T&T Senator: Tag criminal suspects

(Trinidad Express) Persons who are suspected criminals should be tagged with the electronic monitoring bracelet so police can catch them in the act, says temporary Government Senator Jamal Mohammed.

Jamal Mohammed

Mohammed’s suggestion sparked an uproar from the Opposition benches as the Opposition senators questioned if he was really serious.  He made the recommendation during his contribution to the Electronic Monitoring Bill during the Senate sitting on Tuesday, at Tower D, International Waterfront Centre, Wrightson Road, Port of Spain.

In piloting the bill, Justice Minister Herbert Volney said people convicted of crimes were to be monitored with an electronic bracelet, and this will ease overcrowding in prisons and reduce the bill to maintain an offender in prison.  But Mohammed, in his contribution, said: “You know, in Trinidad and Tobago, I always hear, and I don’t know if it is true, that the policemen in our country… they know who all the criminals are, they have intelligence as to who all the criminals are…they know how they operate and so on; it’s just that they cannot bring them in because of a lack of evidence or whatever the case might be.

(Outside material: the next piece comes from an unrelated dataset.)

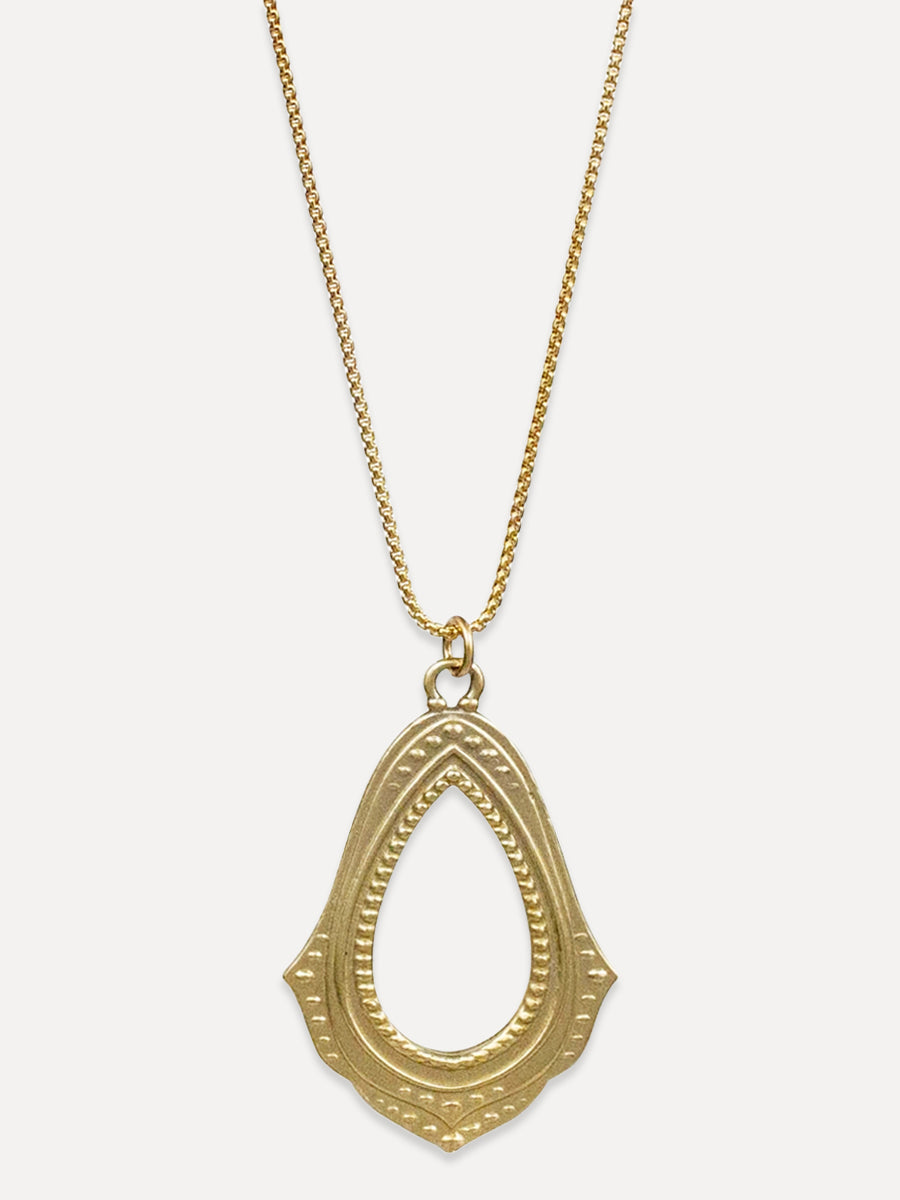 Mudra Necklace - large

This Electronic Monitoring Bill and this facility, the electronic monitor, we should snap it on all of those we suspect, so we can monitor them 24 hours of every day, so we know exactly where they are,” said Mohammed.

“Are you serious? Those who we suspect?” shouted Opposition members.

Mohammed responded, “Serious! For example…if the police have a suspicion that there is a possibility that a person might be involved in untoward activity…we have to be able to provide the opportunity to monitor and to take a closer look at these people who we might feel, or the intelligence officers in the community might feel, that they have to look at.”

“There is an idea out there of where these people are and what they are doing. So we have to be able to be in a position to at least look at them and monitor them, and find some way to find out what we can do to stop them,” he continued.